TARDIS Tasks: Why Some Jobs Warp Time and Demand Running Shoes
“Can you just do this quickly before you go?”
It looks small. A tidy little task. Maybe a chart to update. A few lines of copy. A tweak to a report. Except it’s not. Because to do it properly, you need to:
Dig through three separate databases with incompatible formats
Cross-check a code no one’s used since 2019
Ask someone from another team who left early for school pickup
Rewrite it in a completely new template
Oh—and ideally send it through comms for approval
Congratulations. You’ve been handed a TARDIS Task—something that looks small from the outside but, once opened, expands into a vast and confusing landscape that demands navigating strange lands, meeting alien beings, potentially some physical danger, a moral dilemma and lots and lots of running.

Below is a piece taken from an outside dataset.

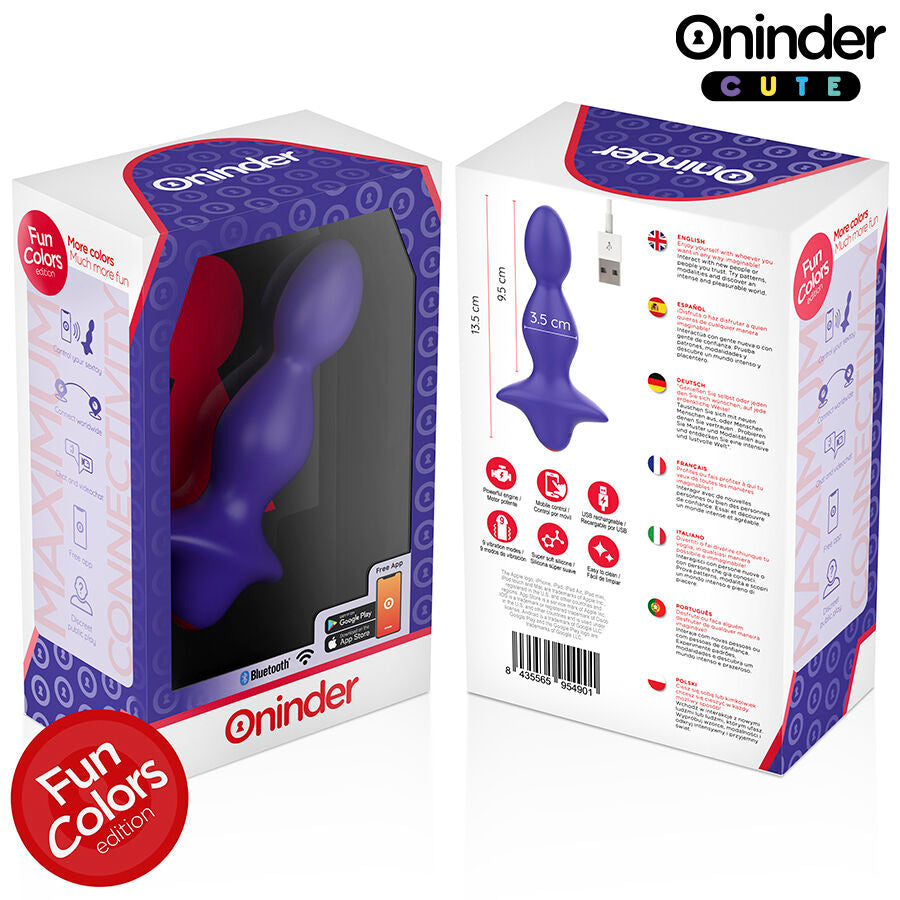 Oninder Cute Love Butt, vibrierender Analplug mit App-Steuerung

Much like the Doctor’s time machine, these tasks aren’t just “bigger on the inside”—they take you places you never expected to go. And they’re usually handed over at 5:07 PM with a confident wave, as if the laws of time and effort simply don’t apply.
TARDIS Tasks reveal a failure to comprehend the true shape of work. It’s the assumption that:
If it’s quick for me, it’s quick for you
If I don’t need to do the groundwork, then there is none
If it looks small, it is small
This kind of casual handoff shifts time, stress, and complexity onto someone else without acknowledgment, context, or support.

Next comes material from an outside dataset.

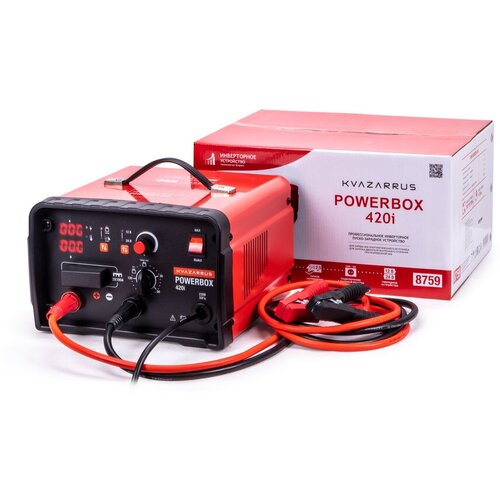 Инверторное пуско-зарядное устройство KVAZARRUS PowerBox 420i таймер цветная коробка 1209000₽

You don’t need a time machine to fix this. Just ask a few (and better) questions. Before you delegate something that seems simple, ask:
What steps are actually involved?
Will this require access, coordination, or chasing?
Is now the right time—or would scheduling it properly save time and quality?
Remember: It might appear to be effortless, but only for you. And perhaps for those who make this work look seamless, not every task is what it seems.